To do: Would you please set down the data again exactly as given, excluding the pictures?

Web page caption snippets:
-------

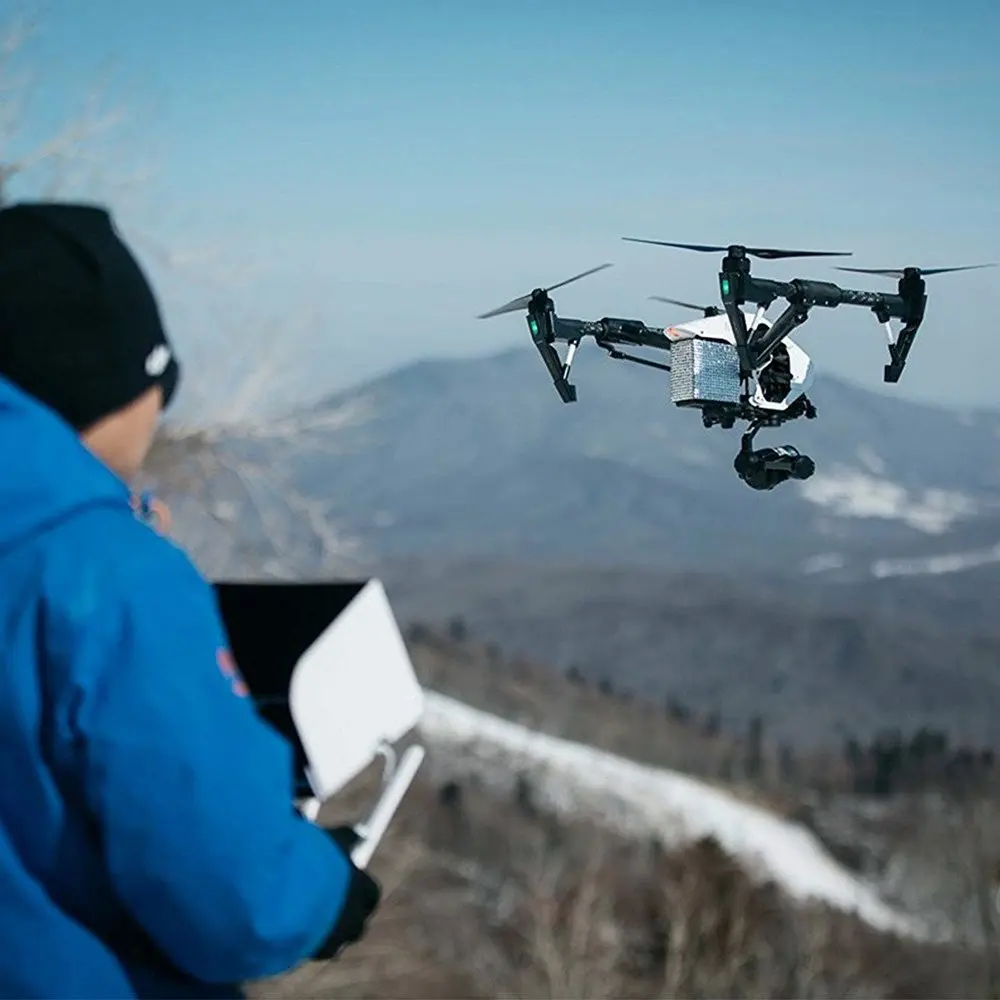 7 9 &quotпланшет FPV монитор Солнцезащитный козырек для DJI Phantom 2 3 Inspire 1 передатчик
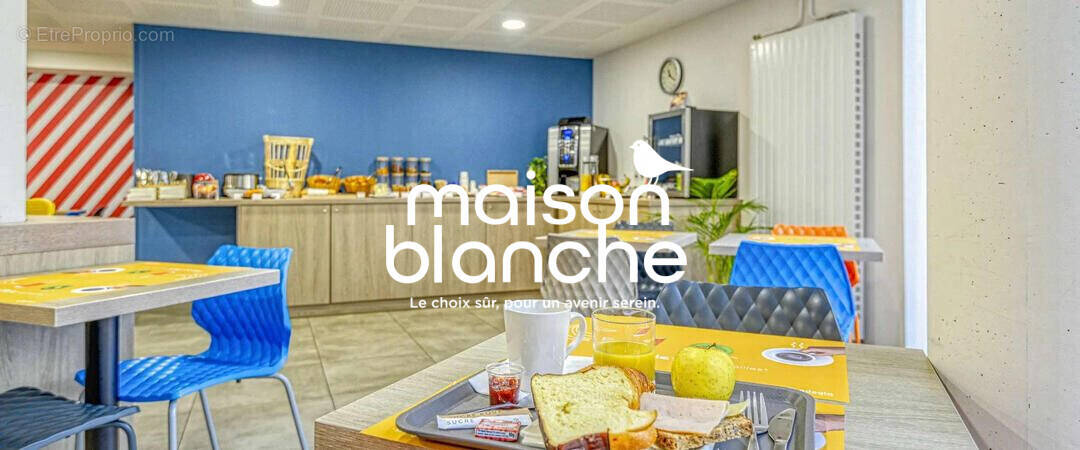 Appartement à SAINT-NAZAIRE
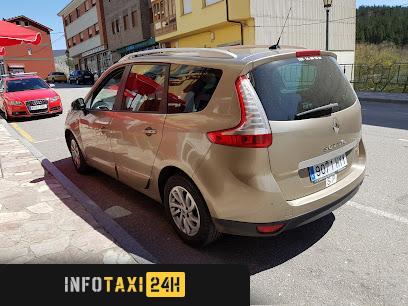 taxista Taxi Grandas Carmen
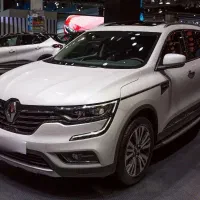 رنو کولئوس 2025 فول اپشن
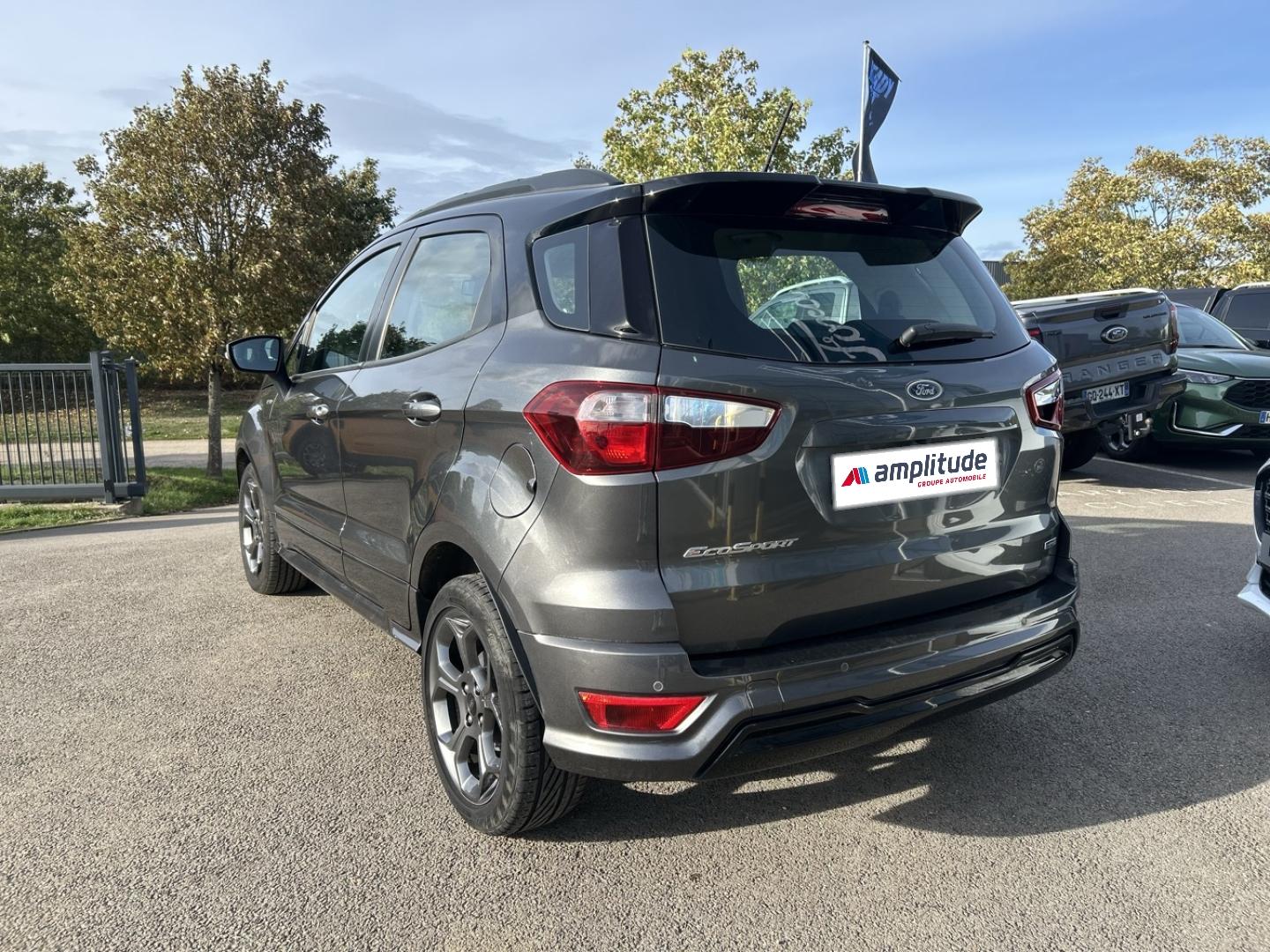 Image FORD EcoSport 1.0 EcoBoost 125ch ST-Line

-------

Solved problem:
 7 9 &quotпланшет FPV монитор Солнцезащитный козырек для DJI Phantom 2 3 Inspire 1 передатчик
 Appartement à SAINT-NAZAIRE
 taxista Taxi Grandas Carmen
 رنو کولئوس 2025 فول اپشن
 Image FORD EcoSport 1.0 EcoBoost 125ch ST-Line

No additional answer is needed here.